Protoplanetary disks around embedded protostars

A few large disks have been found, but these are rare.

Posted by Sébastien Maret on January 20, 2020 · 5 mins read

Protoplanetary disks are rotating disks of gas and dust surrounding stars. Observations with the ALMA observatory show that these disks have gaps and sometimes spirals, which are believed to be carved by planets. In one of these disks, the presence of a planet has been confirmed by direct imaging with the Very Large Telescope. In another one, a planet has been detected by measuring precisely the gas kinematics around the star: in a protoplanetary disk, the gas is in Keplerian rotation around the star, but planets disturb this motion. These studies demonstrate that protoplanetary disks are the birthplace of planets. Determining how and when these disks are formed is, therefore, important for understanding the formation of planetary systems.

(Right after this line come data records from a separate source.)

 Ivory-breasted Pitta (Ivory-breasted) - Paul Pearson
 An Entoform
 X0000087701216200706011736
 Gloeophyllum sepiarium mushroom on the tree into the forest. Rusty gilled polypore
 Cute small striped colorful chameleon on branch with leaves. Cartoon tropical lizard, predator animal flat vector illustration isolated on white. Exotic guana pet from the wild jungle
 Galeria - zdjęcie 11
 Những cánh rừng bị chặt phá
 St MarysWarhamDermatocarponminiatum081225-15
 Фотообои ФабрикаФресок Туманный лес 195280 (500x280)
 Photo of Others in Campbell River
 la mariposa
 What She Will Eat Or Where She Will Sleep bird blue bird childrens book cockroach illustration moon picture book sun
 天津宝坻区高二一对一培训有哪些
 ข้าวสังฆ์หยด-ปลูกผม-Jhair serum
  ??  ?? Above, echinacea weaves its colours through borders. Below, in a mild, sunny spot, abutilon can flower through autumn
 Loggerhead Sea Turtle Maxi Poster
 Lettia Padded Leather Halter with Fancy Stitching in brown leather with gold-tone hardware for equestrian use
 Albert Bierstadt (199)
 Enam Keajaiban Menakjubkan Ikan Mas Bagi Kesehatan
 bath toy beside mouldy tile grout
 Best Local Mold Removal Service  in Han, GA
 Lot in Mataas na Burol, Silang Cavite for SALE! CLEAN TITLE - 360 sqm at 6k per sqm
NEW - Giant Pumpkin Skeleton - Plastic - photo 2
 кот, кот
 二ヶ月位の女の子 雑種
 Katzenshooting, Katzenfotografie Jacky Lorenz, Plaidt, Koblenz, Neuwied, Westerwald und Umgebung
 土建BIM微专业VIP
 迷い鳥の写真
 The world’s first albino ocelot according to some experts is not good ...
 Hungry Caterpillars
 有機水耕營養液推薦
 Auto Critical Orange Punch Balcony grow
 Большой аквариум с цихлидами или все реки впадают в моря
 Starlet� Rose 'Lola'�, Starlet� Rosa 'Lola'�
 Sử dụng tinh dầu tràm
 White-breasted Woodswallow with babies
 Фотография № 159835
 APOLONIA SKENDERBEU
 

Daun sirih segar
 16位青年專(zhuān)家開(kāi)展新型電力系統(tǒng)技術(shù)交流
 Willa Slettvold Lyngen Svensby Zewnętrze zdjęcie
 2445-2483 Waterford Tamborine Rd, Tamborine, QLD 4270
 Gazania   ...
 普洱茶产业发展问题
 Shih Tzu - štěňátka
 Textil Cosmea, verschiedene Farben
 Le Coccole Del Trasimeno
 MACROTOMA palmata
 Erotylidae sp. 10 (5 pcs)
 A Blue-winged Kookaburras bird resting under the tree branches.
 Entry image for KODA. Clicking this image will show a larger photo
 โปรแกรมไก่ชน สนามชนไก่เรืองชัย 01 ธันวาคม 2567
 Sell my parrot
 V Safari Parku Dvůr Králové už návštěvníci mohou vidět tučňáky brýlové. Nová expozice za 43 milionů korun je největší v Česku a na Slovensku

So far the vast majority of protoplanetary disks has been observed around T-Tauri or Herbig-Ae stars, which are a few million years old. However, a few protoplanetary disks have also been detected around Class 0 or Class I protostars, for example in L1527, L1448-N or BHB2007. Class 0 protostars are only a few hundred thousand years old. The detection of disks around these protostars shows that protoplanetary disks may form and grow rapidly. However, it is still unclear whether disks are common around these protostars.

In a paper that has just been accepted to the Astronomy & Astrophysics journal, my colleagues from the CALYPSO team and myself present the results of a survey of protoplanetary disks in a sample of embedded (Class 0) protostars. We used the NOEMA interferometer to map the line emission of two carbon monoxide isotopologs, 13CO and C18O, and the line emission of sulfur oxide (SO). We used these maps to measure the velocity of the gas around the protostars to search for Keplerian rotation.

A Keplerian disk in L1448-C

Figure above: Left panel: C18O (1-0) line intensity map (zeroth-order moment, black contours) and mean velocity (first-order moment, color image) in the L1448-C Class 0 protostar. We detect a velocity gradient (indicated with the black arrow) orthogonal to the direction of the jet (shown by the blue and red lines). Right panel: Rotation curve obtained from the visibilities. The solid curve shows a fit with a power-law, while the dashed curve shows a fit with a Keplerian law.

To measure the gas velocity around the protostars, we computed the first-order moment maps of each line in each protostar of the sample. We used these maps to detect velocity gradients and to measure their amplitude and orientation (see the left panel of the figure above for an example). We find that roughly half of the protostars of our sample have velocity gradients orthogonal to their bipolar jets, as expected if these gradients are due to disks. For each of these disk candidate, we constructed a rotation curve, that is the velocity as a function of the radius. For this, we fitted the centroid position of the emission as a function of velocity directly from the visibilities measured by the interferometer. This technique allowed us to derive the rotation curve down to a radius about 50 au (see the right panel of the figure above). We find that only two protostars have a rotation curve consistent with Keplerian rotation: L1527 and L1448-C. The presence of a disk on L1527 was already known, but this is first detection of a disk in L1448-C.

Our study shows that disks with a radius larger that 50 au (the typical scales probed by our observations) are rare in Class 0 protostars. This is in agreement with magneto-hydrodynamical (MHD) simulations of the formation of disks, which predict disks with radius of a few tens of au. Disks are probably present in all Class 0 protostars, but most of them are too small to be detected with our NOEMA survey. Finding and characterizing Keplerian disks around Class 0 protostars will require observations at higher angular resolution (0.1’’ or better). This can only be achieved by ALMA.

The paper “Searching for kinematic evidence of Keplerian disks around Class 0 protostars with CALYPSO” by Maret et al. is available on arXiv.